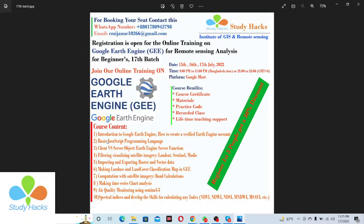This course is designed for beginners with no programming or Google Earth Engine background. It also covers JavaScript programming knowledge needed for the Google Earth Engine platform. For registration or to book your seat, contact me via WhatsApp or email. The first five registrants get a 50% discount, so book your seat as soon as possible.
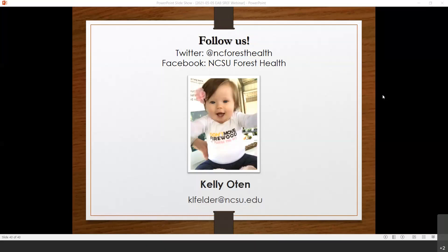Thank you so much, Dr. Oden. This has been such a pleasure — it's always such a thrill getting to listen to you talk. We're going to go ahead and wrap up now, but as always I will be here for the next 10 to 15 minutes helping you troubleshoot getting your CEU credits and any other issues you may have. This will be available on demand in the future too. Thank you so much — I really appreciate your time, and have a good rest of your day. Everyone have a good day.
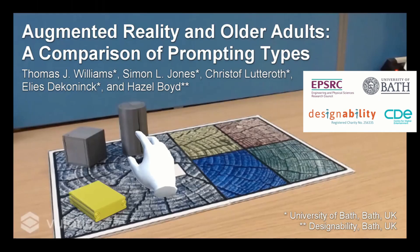This work was carried out with my co-authors and supervisors Simon Jones, Christophe Luterot, Elise De Kuning and Hazel Boyd. Thank you to the participants of this study, without whom this work would not have been possible. And thank you to you for listening.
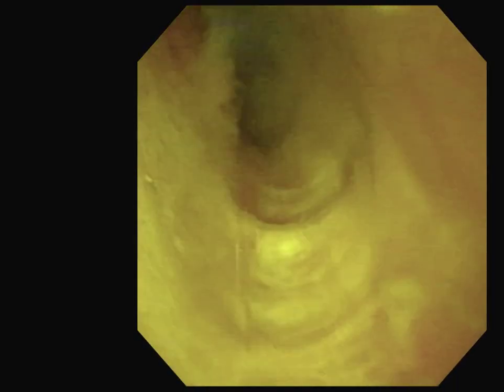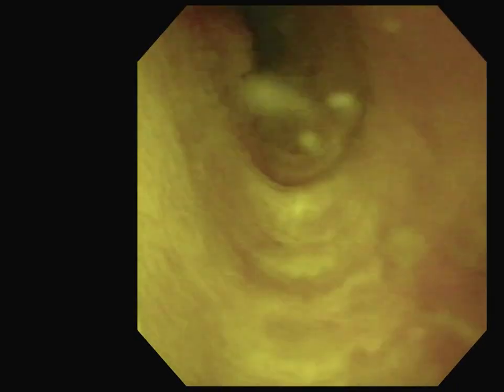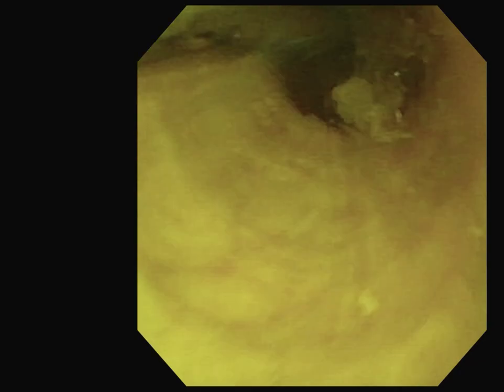A flexible ureteroscope was advanced down the drain tract into the gallbladder in situ. The stent at this time was noted to be filled with debris, and the solitary gallstone in the gallbladder fossa was identified. Laser lithotripsy was then performed using a Holmium laser with a 275 micron fiber.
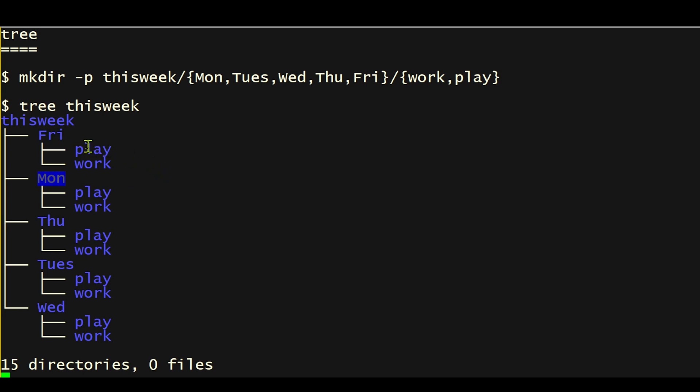And within each weekday directory, we have one directory called play and another one called work. Well, that is your Linux tip for the tree command, a very nice command for displaying file directory structure.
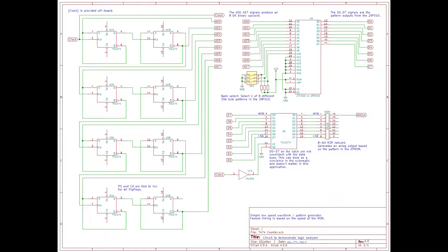The output of this first flip-flop is then fed into the clock of the second flip-flop. It's configured the same way and it again divides its incoming signal by 2. Its output is then fed into the third flip-flop, which again divides by 2, and its output goes to the fourth flip-flop, and all the way down through all 8 flip-flops. If the incoming clock signal is 16 MHz, the output of the first flip-flop is 8 MHz, the second is 4 MHz, the third is 2 MHz, and 1 MHz, and 0.5 MHz, and so on.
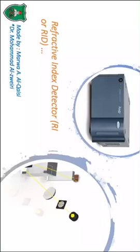Hello, I am Dr. Marwa Al-Qaisi and today we will talk about the refractive index detector.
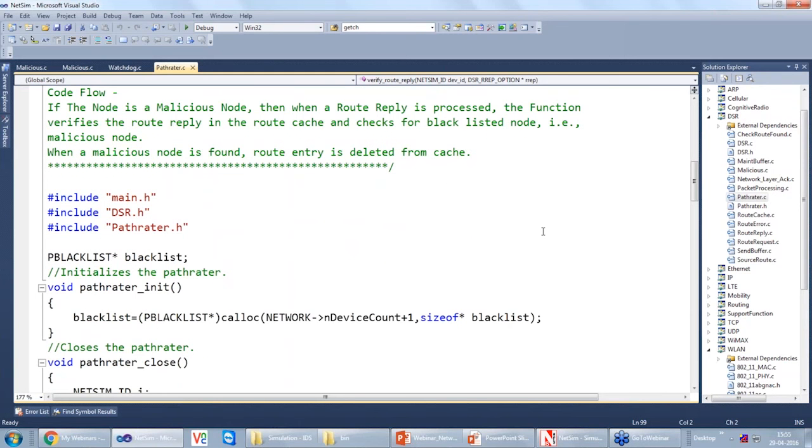To implement IDS in NetSim we use two files: pathrater.c and watchdog.c. I will now open the NetSim C source code.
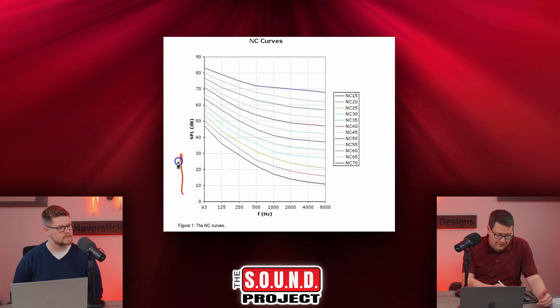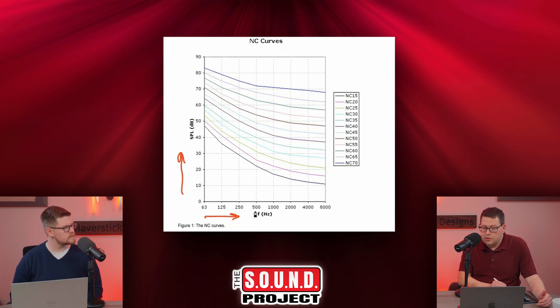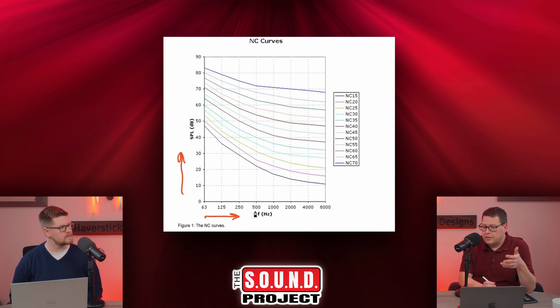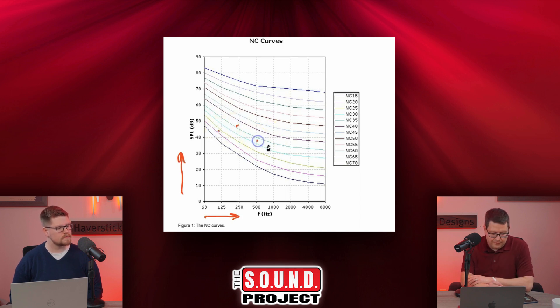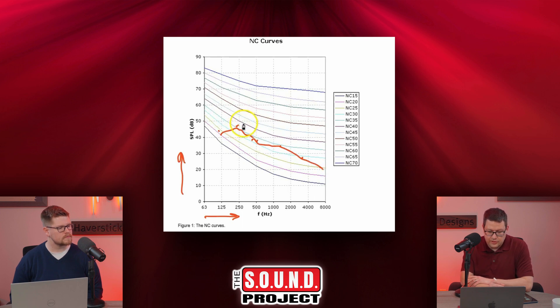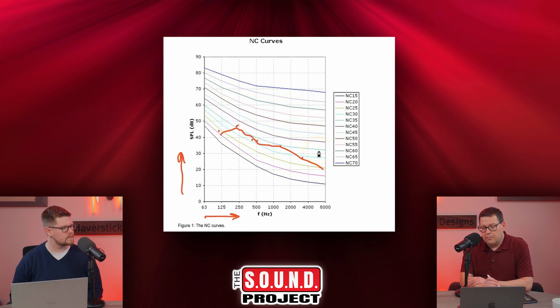I actually have a graphic here that we can share. This is a standardized NC curves graph. On the Y-axis we have SPL in decibels, and on the X-axis we have frequency in hertz — going from low frequencies up to higher frequencies. What you do is measure a room's ambient noise with the HVAC running, plot those points on the graph, and draw a line to connect them. Wherever that line crosses the highest NC curve — in this example it crosses the light green NC35 line — that gives you your NC value.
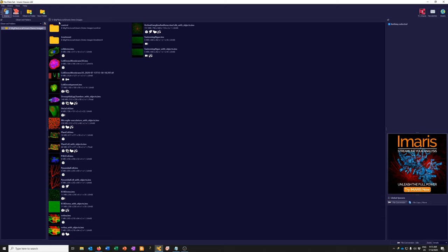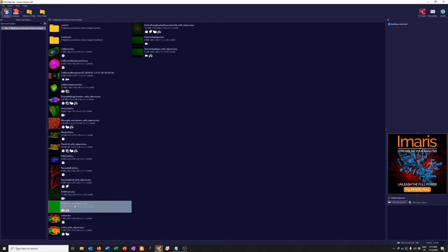When you open Imaris, it typically opens in Arena mode. There is also the Surpass mode, which is what allows you to actually view your data in detail. Arena is more like a fancy file explorer. When you install Imaris Viewer, it comes with a bunch of demo data, and that demo data is shown here — this is just a particular folder where the demo data lives on my computer. You can see there are some subfolders and some data sets.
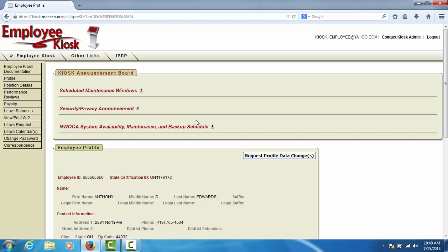This concludes the tutorial on accessing the employee kiosk login screen and logging into your own personal kiosk account.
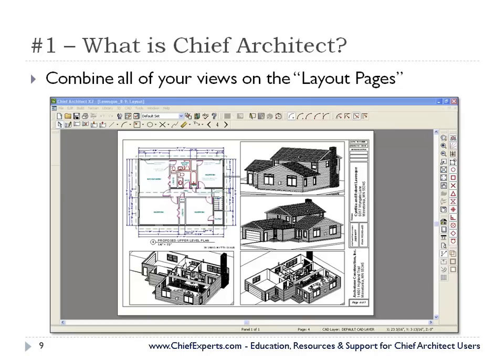I'm going to talk a little bit about layers tonight too, and the importance of getting everything drawn in one plan. We don't want a whole bunch of different plan files floating around for one project — you don't want a different plan for your plumbing, a different one for your electrical, a different one for this detail, a different one for that detail. You want everything combined into one plan. It makes a huge difference not only in file management, but just in the way everything comes together in your plan.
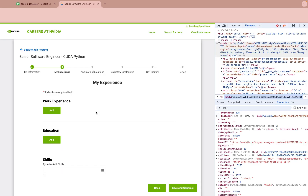Job App Filler fills out repeating sections perfectly. Fill it once and save. Let's show work experience as an example.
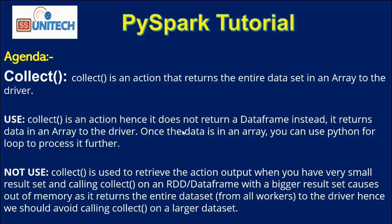For example, if we have a data set and we use collect on the dataframe, then the entire data will be converted into an array. Use the loop for iterating each and every value inside the array.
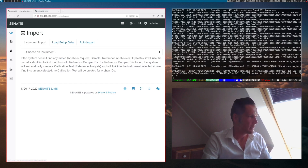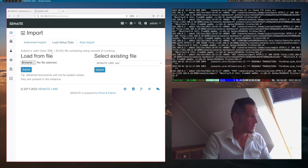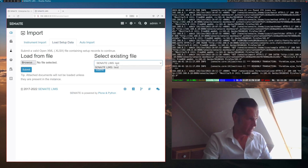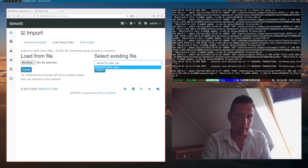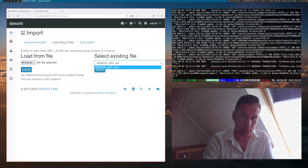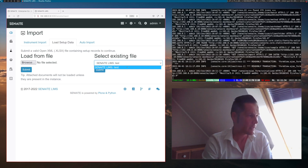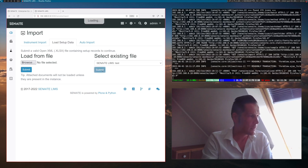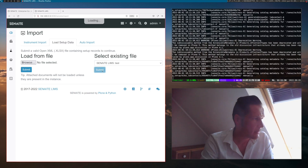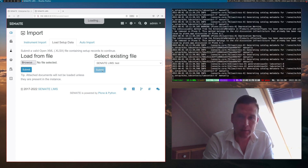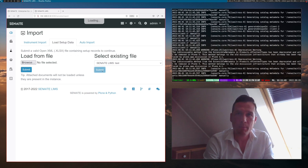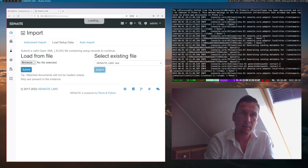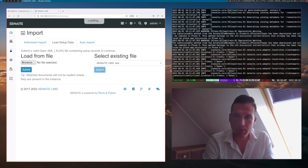There we see already in the middle tab that we can load some setup data — load from file or select existing file. The existing file is one that already exists, an Excel file that lives in the core code base. So basically, we can just use this one and click the submit button.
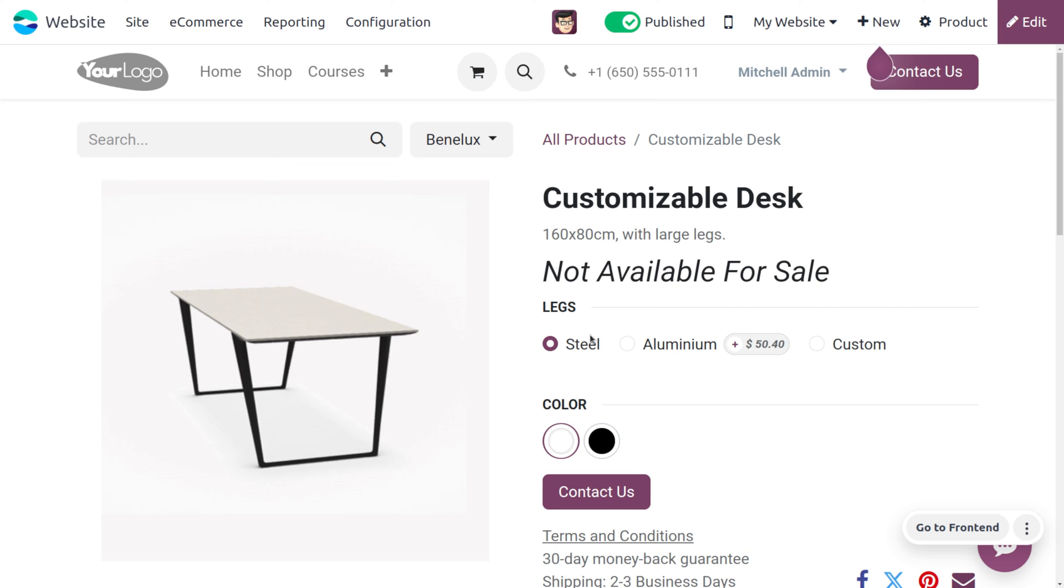Obviously, selling products at zero price eliminates your profits. This feature helps you avoid accidental sales that could impact your bottom line.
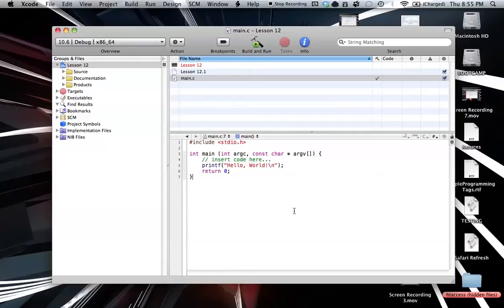Hello everyone, welcome to lesson 12 of C programming on the Mac. In this tutorial, I'm going to be covering function returns.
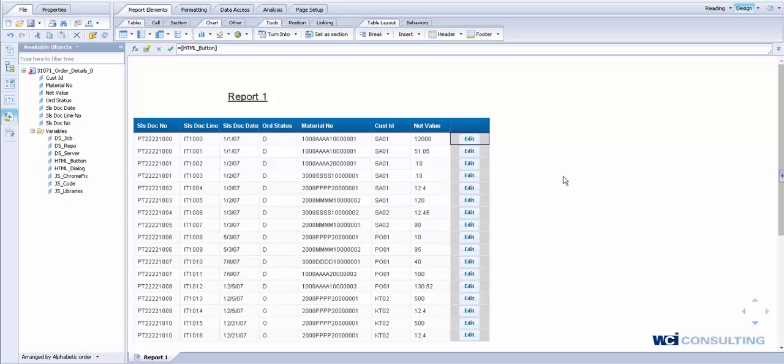So a couple things to note that are important when implementing this type of solution. A, it's not something that can work out of the box. You have to implement some report-side code, in this case, a Java servlet. B, you have to utilize data services to actually update the database table. So without data services, this solution wouldn't be possible.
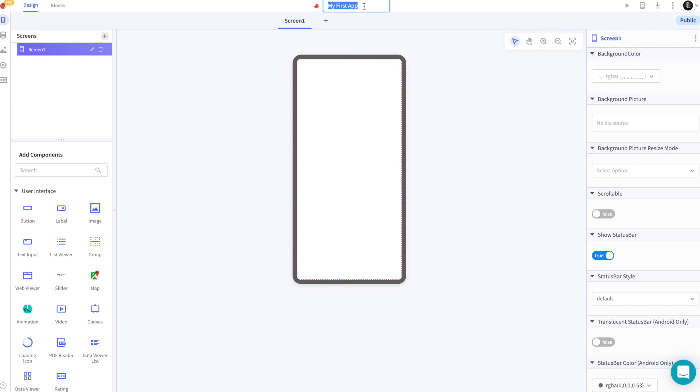Let's start by renaming our app. Once we've done that, let's talk about components.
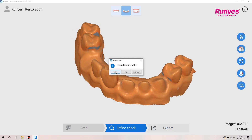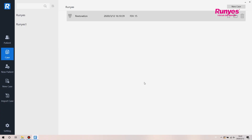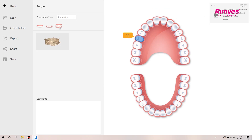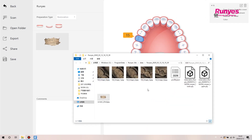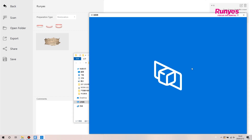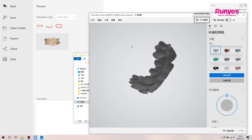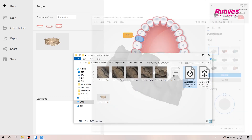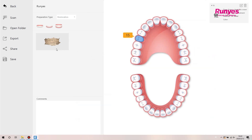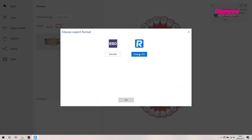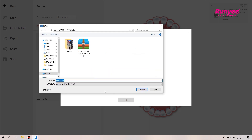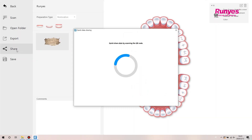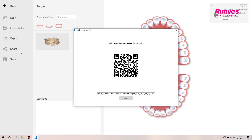After the refund check is completed, click exit and save the data. Click the case button to open the previous case, and click open file to open the case folder. The HD photos are also saved in the folder. Click the export button — users can choose to export to Exocad or Runyes file format. Note that if users need to export to Exocad, they must select the tooth number to be restored when creating a new case. Click the share button — the software will automatically generate a QR code and download link for the case. You can send the QR code or the link to the lab to download the file.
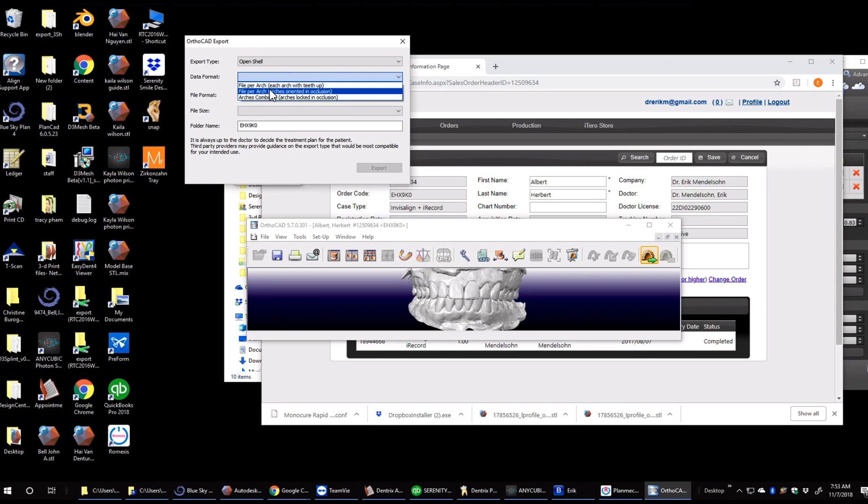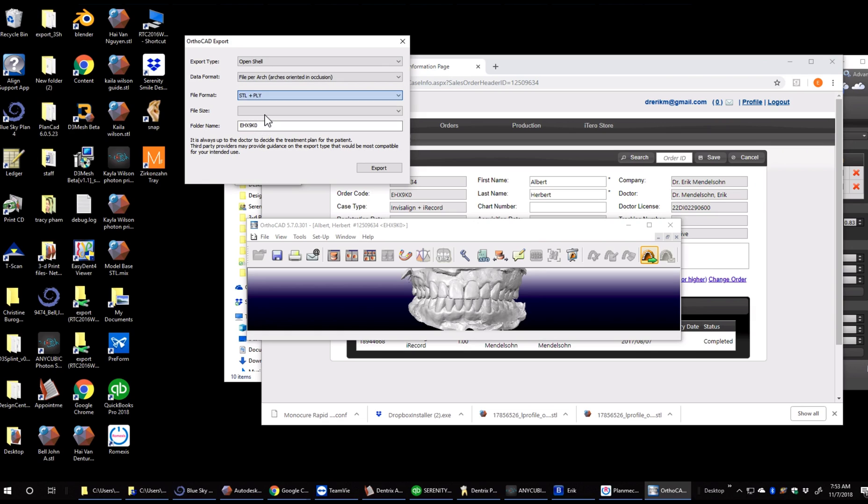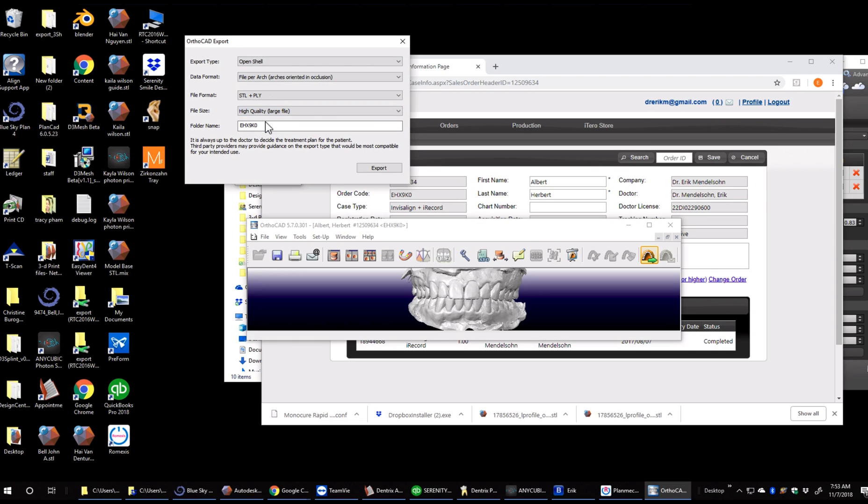Data format is always in occlusion, which is basically just our bite. STL plus PLY is the format, which is a stone model and a color model. File size we're just going to pick high. Then we're just going to rename the file. Now we click OK or export.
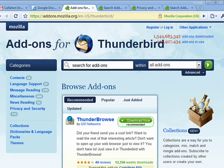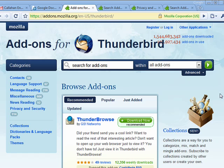Hi, this is Mike Callahan, Dr. FileFinder, and welcome back to our special Butterscotch.com 10-part series on Thunderbird. In this final episode of our 10-part series, we're going to look at add-ons for Thunderbird. Just like Mozilla Firefox, Mozilla Thunderbird has lots of add-ons that give increased functionality to the program.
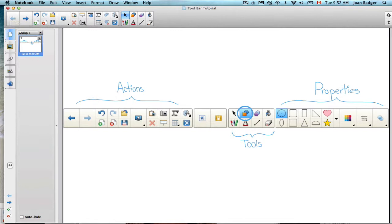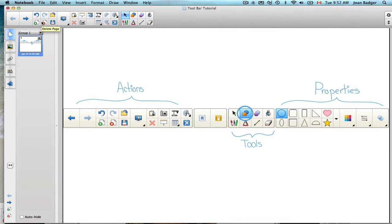This first section here is what we call our actions section, and that will give us things like going from one page to the next, adding a new page, saving, etc.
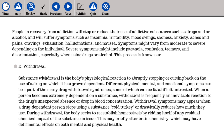The answer is D. Withdrawal. Substance withdrawal is the body's physiological reaction to abruptly stopping or cutting back on a drug on which it has grown dependent. Different physical, mental, and emotional symptoms can be part of the many drug withdrawal syndromes, some of which can be fatal if left untreated. When a person becomes extremely dependent on a substance, withdrawal is frequently an inevitable reaction to the drug's unexpected absence. The body seeks to re-establish homeostasis by ridding itself of any residual chemical impact of the substance, which may briefly alter brain chemistry and have detrimental effects on mental and physical health.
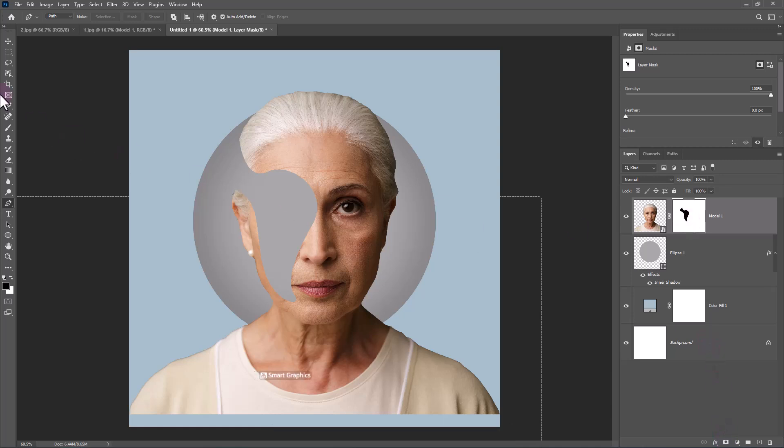To remove the extra areas, make a selection with the Pen Tool and follow the process.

================================

▶ [WHAT NEEDS TO BE DONE] In the listing above, find the line containing "Hello, I am". Output it and every line after it up to and including the line containing "This concludes the", exactly, but skip the pictures.

▶ [YOUR RESPONSE]
Hello, I am Dr. Marwa Al-Qaisi and today we will talk about the refractive index detector.
To implement IDS in NetSim we use two files: pathrater.c and watchdog.c. I will now open the NetSim C source code.
I actually have a graphic here that we can share. This is a standardized NC curves graph. On the Y-axis we have SPL in decibels, and on the X-axis we have frequency in hertz — going from low frequencies up to higher frequencies. What you do is measure a room's ambient noise with the HVAC running, plot those points on the graph, and draw a line to connect them. Wherever that line crosses the highest NC curve — in this example it crosses the light green NC35 line — that gives you your NC value.
When you open Imaris, it typically opens in Arena mode. There is also the Surpass mode, which is what allows you to actually view your data in detail. Arena is more like a fancy file explorer. When you install Imaris Viewer, it comes with a bunch of demo data, and that demo data is shown here — this is just a particular folder where the demo data lives on my computer. You can see there are some subfolders and some data sets.
This concludes the tutorial on accessing the employee kiosk login screen and logging into your own personal kiosk account.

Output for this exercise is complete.